First, an optical system is constructed. The optical system includes a control device 1, a work plate 10, a spatial light modulator 20, a light generating device 30, and a light source device, as shown in FIG. 1, A beam splitter 22 and a focusing lens 26 as shown in FIG.

The control device 1 is a means for controlling the light generating device 30 and the spatial light modulator 20 and is provided with a data storage unit for storing the exposure pattern. The control device may be a conventional terminal equipped with a data storage unit and a control unit.

The work plate 10 is a portion on which the photo plate P is placed and the present invention is such that the work plate 10 is moved in the X and Y directions by the X and Y driving means 12 and the Y- Is not controlled. The movement of the work plate 10 is interlocked with the respective coordinates (X, Y) d of the digital image to be described later. Each of the X-axis driving means 12 and the Y-axis driving means 16 may be composed of a motor, and its driving is controlled by the control device 1. [

The spatial light modulator 20 is a device that individually controls and reflects hundreds of thousands to millions of micro mirrors integrated in a pixel unit (㎛ interval) according to an input control signal. That is, the light incident on the micro mirror which is operated by inputting the control signal is not reflected to the outside (on / unexposed), and the light incident on the micro mirror not operating due to no control signal is reflected to the outside / Exposure). The present invention utilizes a micro mirror on / off operation configuration provided in such a spatial light modulator. The spatial light modulator 20 is spaced vertically above the work plate 10 by a predetermined distance.

The light generating device 30 is made of laser light and is provided on one side of the work plate 10. Although not shown in the drawings, a filter may be provided on one side of the light generating device 30. The beam splitter 22 is a means for reflecting the light generated by the light generating device 30 and transmitting it to the spatial light modulator 20 and is located between the working plate 10 and the spatial light modulator 20, (30). The beam splits can be made of semi-transparent mirrors.

The focusing lens 26 is a means for focusing the light reflected by the spatial light modulator 20 to a certain size and is positioned between the working plate 10 and the beam splitter 22 and shares the optical axis with the spatial light modulation 20. [ do. It is preferable that the area converged by the focusing lens 26 onto the photoresist film of the photopattern P is adjusted to such an extent that at least the individual micro mirrors provided in the spatial light modulator 20 can be recognized. The area of exposure by the focusing lens 26 can be adjusted by the distance between the focusing lens 26 and the photopattern P. [ Reference numeral 24 denotes a filter.

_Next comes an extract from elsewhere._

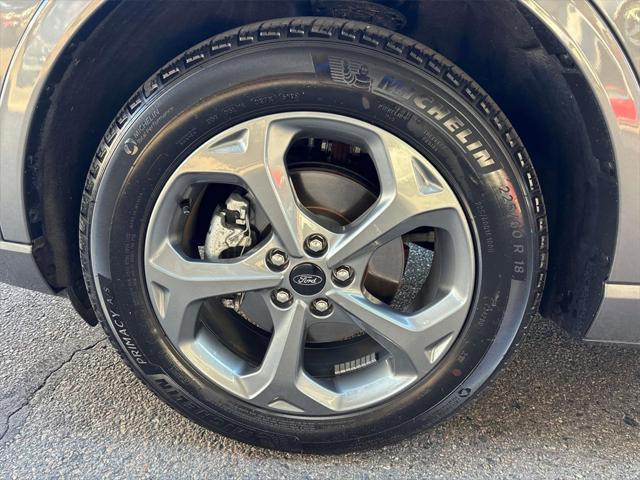 2023 ford escape st-line select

When the optical system is constructed, a digital image including an exposure pattern of exposure / non-exposure is prepared on a pixel-by-pixel basis of the spatial light modulator 20, as shown in Fig. 2 showing an example of an exposure pattern. Here, the exposure / non-exposure corresponds to the non-operation / on of the micro mirror provided in the spatial light modulator 20, and as described above, the pixels (each pixel marked with black) The micro mirrors do not work, and the pixels in the non-exposed areas (each pixel marked in white) operate with a micro mirror. It goes without saying that such an exposure pattern can be variously changed according to a holographic optical element to be implemented.

(X, y) d coordinates of a certain area, and dividing the digital image into a plurality of divided digital images (Xn, Yn) d (x, y) To the control device (1). The (X, Y) d coordinate area may vary depending on the spatial light modulator 20 used. That is, the prepared digital image may be appropriately divided according to the number of pixels provided in the spatial light modulator.

When a separate digital image having an exposure pattern and an unexposed light pattern is stored in the control unit 1, a photo plate P is placed on the upper surface of the work plate 10. The photo plate P may be made of any one of photoresist plates widely used in related industries.

When the photo plate P is laid, a control signal for the exposure pattern of exposure / non-exposure included in the first digital image (X1, Y1) d among the individual digital images stored in the control device 1 is supplied to the spatial light modulator 20 And operates the light generating device 30. Accordingly, the light (1) generated by the light generating device 30 enters the spatial light modulator 20 through the beam splitter 22 ((2)).

When light is incident on the spatial light modulator 20 in a state in which a control signal for the exposure pattern of exposure / non-exposure included in the first digital image (X1, Y1) d is input, The mirrors are turned off / on according to the control signal for the exposure pattern, and reflect incident light (③). That is, only light incident on the micro mirrors that are inactivated according to the exposure pattern out of the light incident on the spatial light modulator 20 is reflected and emitted.

The light modulated and emitted from the spatial light valve 20 is converged to a predetermined magnitude through the focusing lens 26 to expose the (X1, Y1) p coordinate region of the photopattern P (4). Accordingly, the exposure pattern recorded in the first digital image (X1, Y1) d coordinate area is recorded in the (X1, Y1) p coordinate area of the photo plate P. If the photo plate is of the positive type, the non-operation part of the spatial light modulator forms a valley of the photo plate. If the photo plate is of the negative type, the on part of the spatial light modulator forms a valley of the photo plate (See Fig. 4). That is, it is possible to perform exposure in a pattern intended for a certain size area by a single operation.

When the exposure of the first digital image is completed, the operation of the light generating device 30 is stopped (if the separate shutter is mediated, the operation of the light generating device may not be stopped) The operation plate 10 moves due to the operation of the means 12, 16. The movement degree of the work plate 10 is interlocked with the coordinates (X, Y) d of the digital image as described above.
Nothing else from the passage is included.